• **Task objective**: Starting with the first line, output the data exactly through to the end.

Records from a collection:
= = =

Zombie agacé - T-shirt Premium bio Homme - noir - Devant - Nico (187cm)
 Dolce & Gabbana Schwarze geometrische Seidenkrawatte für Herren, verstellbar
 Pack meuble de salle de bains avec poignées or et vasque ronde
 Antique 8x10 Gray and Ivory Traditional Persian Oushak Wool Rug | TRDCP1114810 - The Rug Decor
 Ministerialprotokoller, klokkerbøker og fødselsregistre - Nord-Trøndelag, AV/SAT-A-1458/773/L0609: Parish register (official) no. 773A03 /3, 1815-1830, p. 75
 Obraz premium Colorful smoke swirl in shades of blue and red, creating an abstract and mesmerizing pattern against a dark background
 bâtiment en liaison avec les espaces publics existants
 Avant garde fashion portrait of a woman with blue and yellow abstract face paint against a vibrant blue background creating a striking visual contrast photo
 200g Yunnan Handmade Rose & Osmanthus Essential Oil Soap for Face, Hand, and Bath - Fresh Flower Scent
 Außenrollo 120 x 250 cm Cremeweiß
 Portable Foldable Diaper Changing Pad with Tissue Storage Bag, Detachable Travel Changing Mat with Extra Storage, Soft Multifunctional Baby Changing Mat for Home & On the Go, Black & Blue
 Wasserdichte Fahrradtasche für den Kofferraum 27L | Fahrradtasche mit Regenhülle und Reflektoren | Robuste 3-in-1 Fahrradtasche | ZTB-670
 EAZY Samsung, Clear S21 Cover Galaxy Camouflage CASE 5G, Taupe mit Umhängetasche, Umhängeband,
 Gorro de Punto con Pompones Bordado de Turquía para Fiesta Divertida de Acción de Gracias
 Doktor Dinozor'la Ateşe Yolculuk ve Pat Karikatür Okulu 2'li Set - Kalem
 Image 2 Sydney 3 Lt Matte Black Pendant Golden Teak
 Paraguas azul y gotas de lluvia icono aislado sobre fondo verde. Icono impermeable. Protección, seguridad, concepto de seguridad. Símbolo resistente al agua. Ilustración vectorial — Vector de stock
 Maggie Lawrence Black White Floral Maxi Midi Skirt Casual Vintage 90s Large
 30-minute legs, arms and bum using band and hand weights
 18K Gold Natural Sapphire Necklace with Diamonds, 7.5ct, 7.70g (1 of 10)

= = =

• **Reply to the task**:
Zombie agacé - T-shirt Premium bio Homme - noir - Devant - Nico (187cm)
 Dolce & Gabbana Schwarze geometrische Seidenkrawatte für Herren, verstellbar
 Pack meuble de salle de bains avec poignées or et vasque ronde
 Antique 8x10 Gray and Ivory Traditional Persian Oushak Wool Rug | TRDCP1114810 - The Rug Decor
 Ministerialprotokoller, klokkerbøker og fødselsregistre - Nord-Trøndelag, AV/SAT-A-1458/773/L0609: Parish register (official) no. 773A03 /3, 1815-1830, p. 75
 Obraz premium Colorful smoke swirl in shades of blue and red, creating an abstract and mesmerizing pattern against a dark background
 bâtiment en liaison avec les espaces publics existants
 Avant garde fashion portrait of a woman with blue and yellow abstract face paint against a vibrant blue background creating a striking visual contrast photo
 200g Yunnan Handmade Rose & Osmanthus Essential Oil Soap for Face, Hand, and Bath - Fresh Flower Scent
 Außenrollo 120 x 250 cm Cremeweiß
 Portable Foldable Diaper Changing Pad with Tissue Storage Bag, Detachable Travel Changing Mat with Extra Storage, Soft Multifunctional Baby Changing Mat for Home & On the Go, Black & Blue
 Wasserdichte Fahrradtasche für den Kofferraum 27L | Fahrradtasche mit Regenhülle und Reflektoren | Robuste 3-in-1 Fahrradtasche | ZTB-670
 EAZY Samsung, Clear S21 Cover Galaxy Camouflage CASE 5G, Taupe mit Umhängetasche, Umhängeband,
 Gorro de Punto con Pompones Bordado de Turquía para Fiesta Divertida de Acción de Gracias
 Doktor Dinozor'la Ateşe Yolculuk ve Pat Karikatür Okulu 2'li Set - Kalem
 Image 2 Sydney 3 Lt Matte Black Pendant Golden Teak
 Paraguas azul y gotas de lluvia icono aislado sobre fondo verde. Icono impermeable. Protección, seguridad, concepto de seguridad. Símbolo resistente al agua. Ilustración vectorial — Vector de stock
 Maggie Lawrence Black White Floral Maxi Midi Skirt Casual Vintage 90s Large
 30-minute legs, arms and bum using band and hand weights
 18K Gold Natural Sapphire Necklace with Diamonds, 7.5ct, 7.70g (1 of 10)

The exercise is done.